What you need to do: The required output is the line containing "2506 Bon Aire, Victoria, TX 77901 - Photo 10" followed by every later line through the end of the data, all reproduced exactly.
----- Exercise data -----
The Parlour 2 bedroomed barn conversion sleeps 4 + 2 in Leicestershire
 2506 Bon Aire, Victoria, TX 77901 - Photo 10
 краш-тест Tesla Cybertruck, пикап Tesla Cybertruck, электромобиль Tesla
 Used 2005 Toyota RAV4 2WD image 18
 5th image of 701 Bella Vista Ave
-----
Reply:
 2506 Bon Aire, Victoria, TX 77901 - Photo 10
 краш-тест Tesla Cybertruck, пикап Tesla Cybertruck, электромобиль Tesla
 Used 2005 Toyota RAV4 2WD image 18
 5th image of 701 Bella Vista Ave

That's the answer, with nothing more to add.